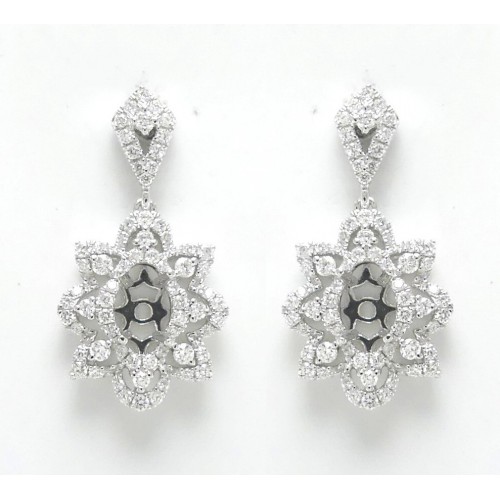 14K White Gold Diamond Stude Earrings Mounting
* * *
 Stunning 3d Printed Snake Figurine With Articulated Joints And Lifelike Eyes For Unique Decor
...
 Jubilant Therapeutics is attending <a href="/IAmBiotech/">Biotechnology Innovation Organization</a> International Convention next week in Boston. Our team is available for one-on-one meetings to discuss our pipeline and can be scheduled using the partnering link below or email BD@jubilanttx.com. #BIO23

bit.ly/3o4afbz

- **WHAT YOU SHOULD DO**
Could you set down, exactly as written, the lines above between the one holding "Jubilant Therapeutics is" and the one holding "bit.ly/3o4afbz", inclusive, and nothing more?

- **RESULT OF THIS EXERCISE**
 Jubilant Therapeutics is attending <a href="/IAmBiotech/">Biotechnology Innovation Organization</a> International Convention next week in Boston. Our team is available for one-on-one meetings to discuss our pipeline and can be scheduled using the partnering link below or email BD@jubilanttx.com. #BIO23

bit.ly/3o4afbz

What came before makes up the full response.